An example of how automation can improve productivity is represented by artificial lift technology. According to Ron Holsey, president at GE O&G Rod Lift Systems, artificial lift can lead to a 20% power consumption reduction, a 25% failure and maintenance cost reduction and a 4% production increase.

Control systems and management by exception

According to Srinivasan (Halliburton), as the amount of operational data proliferates and the popularity of KPI [Key Performance Indicators] dashboards, alarms and notification systems grows to match it, human operators will manage by exception, allowing them to focus their attention on a small subset of actionable information. “Because of this, it is important to enable control systems to take routine actions wherever possible, and to create an operational climate where the engineer interacts with the field on an increasingly supervisory basis. As an example of how this may happen in the future, consider a field of wells, each of which consumes a quantity of lift gas that is specified by an integrated asset model,” Srinivasan added. “If a compressor fails, it sends a signal to its wells, notifying them that it can’t supply gas. The wells can then broadcast a request for gas over the network, obtain a ‘bid’ from a neighboring compressor, and send a request to the integrated asset model to recalculate the production forecast based on the control system’s rebalanced lift gas allocation,” Srinivasan said.

Hence, according to Srinivasan, training of operators needs to become broader-based. Traditional functional disciplines, such as production, completions, and reservoir engineer may make way for roles like asset steward or asset engineer. New operators must be trained to see the entire field as an interconnected system and to know how to monitor and respond to events in ways that optimize revenue

According to Srinivasan, this is very different from the practice of training operators to respond to alarms and keep process variables within specified tolerances. “That way of thinking will become antiquated as intelligent control systems take over,” Srinivasan said.


If operators are able to conduct their operations with a higher level of automation and streamlined processes, they can not only remotely monitor and manage their processes but also optimize their workforce and improve the safety of their process and personnel, Kumar (Ayatis) added. According to Flichy, automation could bring “incredible savings” in terms of human lives, downtime and cost of repairing.

Standardization and data integration

The biggest challenge in real time data consists in having the right level of analytics to be able to process and interpret the data, Kumar said. There are so many analytical platforms in the market, but the problem is there is not a single way of easily interpreting the data According to Srinivasan (Halliburton), today standardization on several fronts is helping drive down the cost of automation, offering a solution for lower labor costs, higher operational efficiency, and better reservoir outcomes.

Though the industry has not converged on a single production data standard, the wide adoption of respected standards PPDM [Professional Petroleum Data Management] and PRODML [Production Markup Language], makes it easier to write workfloworiented, scalable and repeatable applications and information management software, Srinivasan (Halliburton) said.

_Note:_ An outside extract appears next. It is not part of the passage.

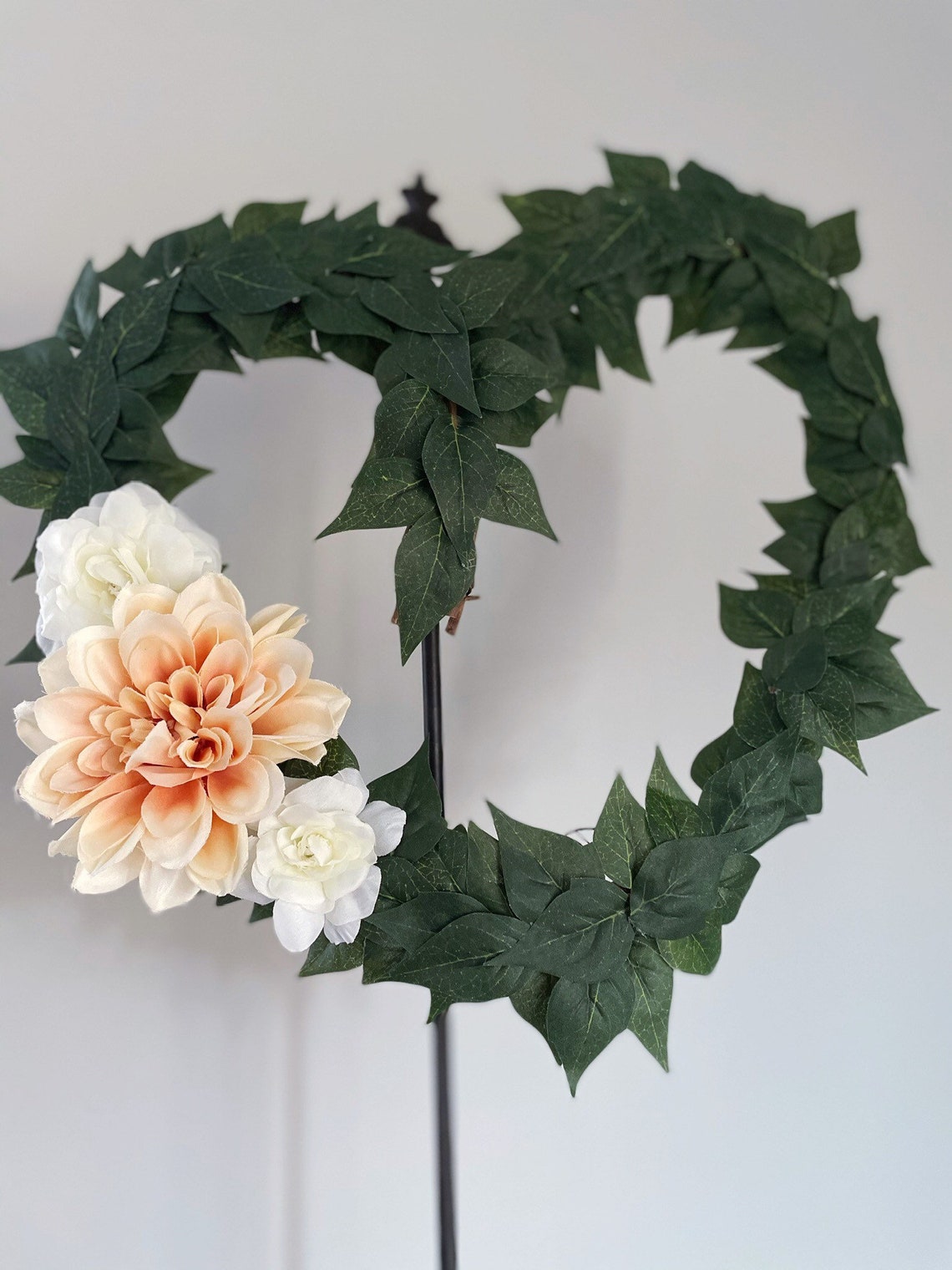 Valentines heart shaped grapevine wreath Etsy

“Additionally, industry guidelines on production workflows like well integrity management and increased collaboration within companies and even between companies, like we’re seeing in Malaysia with the Petronas-led Coral 2.0, is encouraging companies to adopt some similar best practices,” Srinivasan (Halliburton) added. “Even though automation software will continue to require configuration - each production network is unique, after all - it is starting to require less customization,” Srinivasan (Halliburton) said.

Smart hardware is becoming easier to integrate into field operations as oil and gas operators have banded together to set industry-specific standards for manufacturers, said Srinivasan.

SCADA and the Internet of Things

There is currently a lot of interest in the industry concerning the Internet of Things, Flichy (Baker Hughes) said. The Internet of Things is bringing “distributed intelligence over the chain,” Flichy added. SCADA systems are poised to join the Internet of Things, or the Industrial Internet

This is shown by the recent formation of the Industrial Internet Consortium, a body dedicated to developing standards for real-time communication with field sensor arrays across all industry verticals, Srinivasan (Halliburton) added. “Industrial automation companies who produce SCADA systems are hard at work making their hardware network-aware,” he said. According to Srinivasan, data modeling standards will become even more important as the Internet of Things evolves.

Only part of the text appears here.